Change “every” to “most.”

I teach at a community college. The college’s faculty directory contains a disclaimer that the directory may not be used for soliciting commercial purposes. Apparently, textbook publishers, online homework providers, and so on, think this disclaimer does not apply to them. I get unsolicited emails from these companies all the time, and in the spirit of this thread, they’ve been been ramping up lately.

Most of these emails provide an unsubscribe button or link. But with many of these, I wind up hearing from them again after a few months have elapsed. I assume they are just farming the college directory again. Once I start to recognize repeats, their entire domain gets plonked.

I would say about one in five do not provide a way to unsubscribe. With these, I reply with a curt “remove me from any email lists you have put me on, immediately.” Sometimes I get a “we’re so sorry” response and they comply. Those that don’t get their entire domain plonked.

As an aside, the thing that really makes me stabby about these emails is when they include something like “you are receiving this message because you signed up to receive blah blah blah from us.” That’s an outright lie. YOU signed me up, against my will and without my permission!

I use Yahoo and mail.com for email, and they are both pretty good about spam. If there’s no unsubscribe link, it goes into spam. If there is, I unsubscribe and then spam.

One advantage of not working was that I had time to go through the ymail account (bills, business, shopping, newsletters, etc.) and get rid of all unread messages in the inbox, delete the ones I don’t want to keep, and unsubscribe to those I was no longer interested in. There are still many unread emails sorted into relevant folders, but I know what they are now and can actually look at every email that comes in.
The ones with “in these troubled times” and “now more than ever” in the subject lines are immediately deleted.

Companies that I have shopped from are immediately deleted, but I don’t unsubscribe in case I want to shop in the future. Bed, Bath, and Beyond and clothing stores are the ones I don’t spam.

How else will we be reminded that we are “In these unprecedented times…” or “…these uncertain times…” ?

How do I know that the unsubscribe link isn’t actually a virus-enter-here link? In fact, I assume that most of them from unknown sources are and I never click on them.

I mean like…emails from places you’ve shopped, companies you’ve created an account with for one reason or another (like Air Canada)…there’s a lot of legit companies out there sending legit email blasts using legit services. Unless you’ve got a really crappy email provide, you probably don’t even see the ones that aren’t legit, they go right to your spam box.

Tons and tons and tons of money and manpower goes in to fighting spam. And tons goes in to real email marketing to make sure emails get to you and are following all of the laws (and there are many laws).

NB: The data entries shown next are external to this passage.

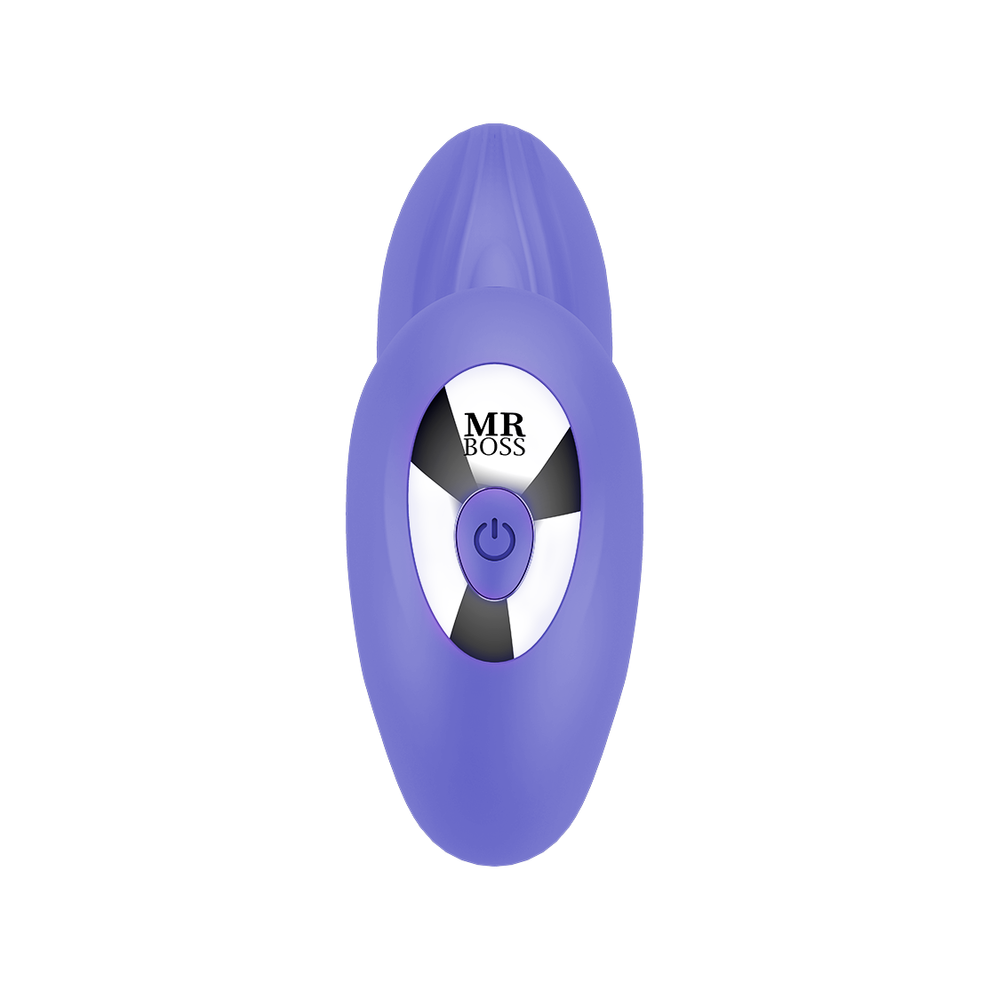 Mr. Boss Mr Boss - Josef Pulsation & Vibration Remote Control For Couples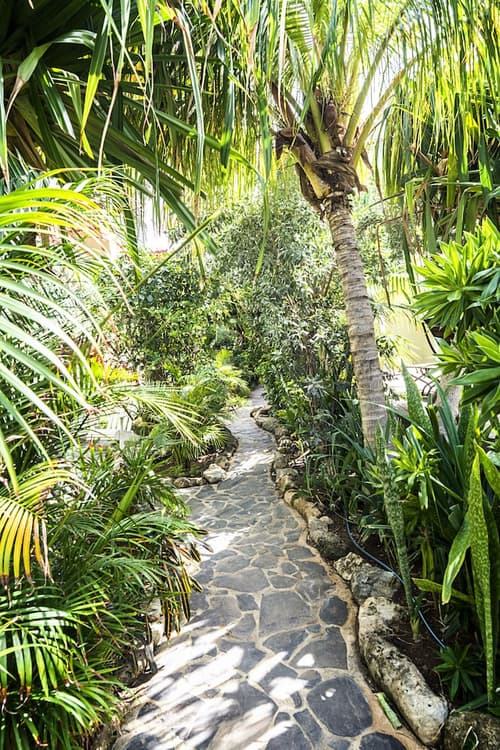 Pietermaai Boutique Hotel, Property grounds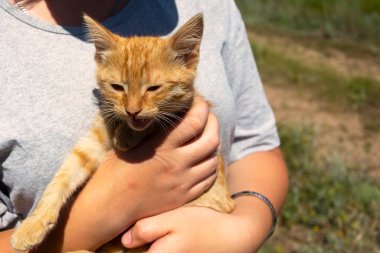Güzel kırmızı kedi yavrusu bir kızın ellerinde. Yazın bir kediyle yürümek. Hayvan bakımı konsepti. Hayvanlar için aşk.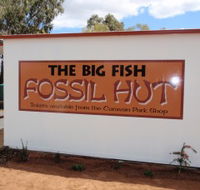 Big Fish Fossil Hut at Peak Hill - Australia Accommodation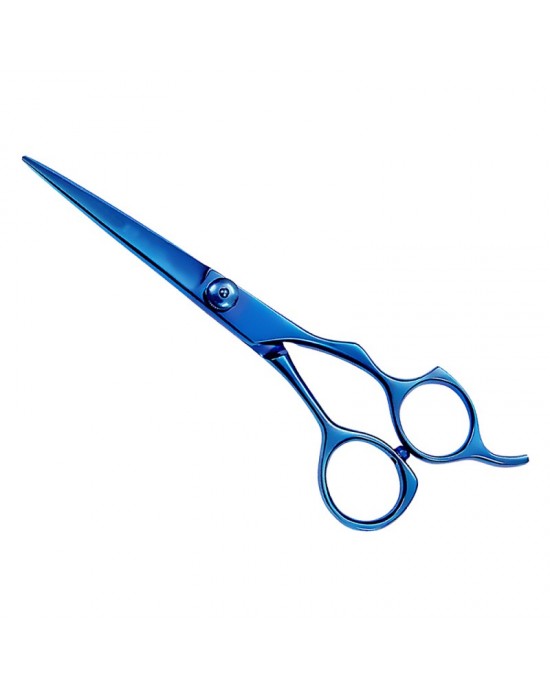 Professional Hair Cutting Scissors
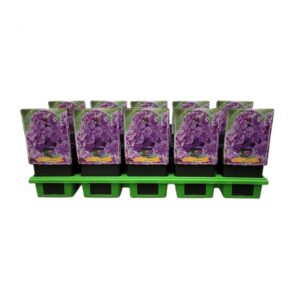 Phlox Paniculata Phlox Paniculata 'Blue Paradise' P11
(10 Plants/Order)(11cmP 25cmH)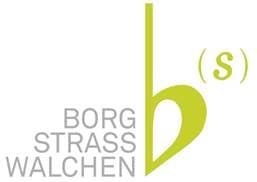 BORG Straßwalchen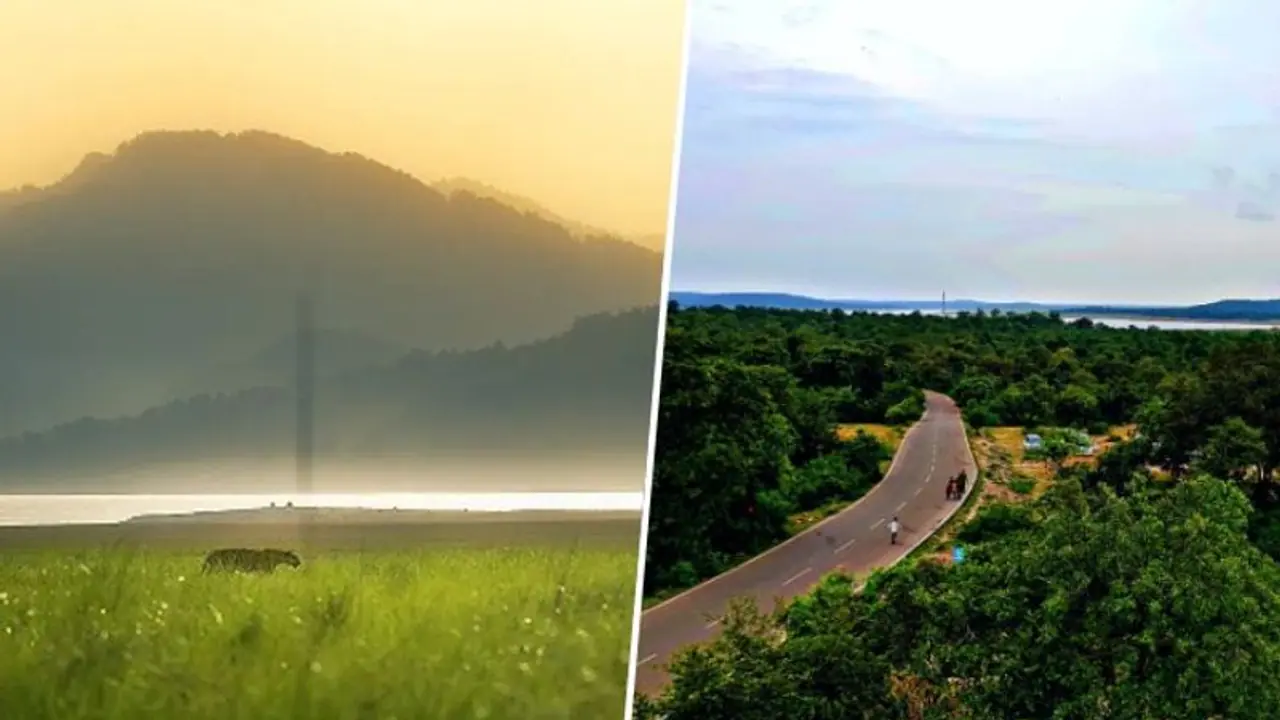 Jim Corbett to Chandra Prabha Wild Life sanctuary: 10 National Parks in UP for your next visit Jim Corbett to Chandra Prabha Wild Life sanctuary: 10 National Parks in UP for your next visit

At this point you really need to start paying attention to the differences between potentially harmful spam and merely unwanted junk mail. Like, don’t click on anything, including “unsubscribe” for “P3niS P1lls T0Day!!!” but you know, if something comes from marketing@bestbuy.com then just click the damn unsubscribe link already.

Imagine if you could turn off the tap of all the ads you get in your home mailbox. Let the local window installer know you really don’t want new windows instead of just throwing that damn flyer away every week. Well, those same kinds of companies are sending those same kinds of flyers to your email inbox, with a government-mandated link to get them to stop. So just click to stop.

In addition, I have always wondered if the “unsubscribe” link is a way for them to identify your email address as a live one, which is worth more for selling.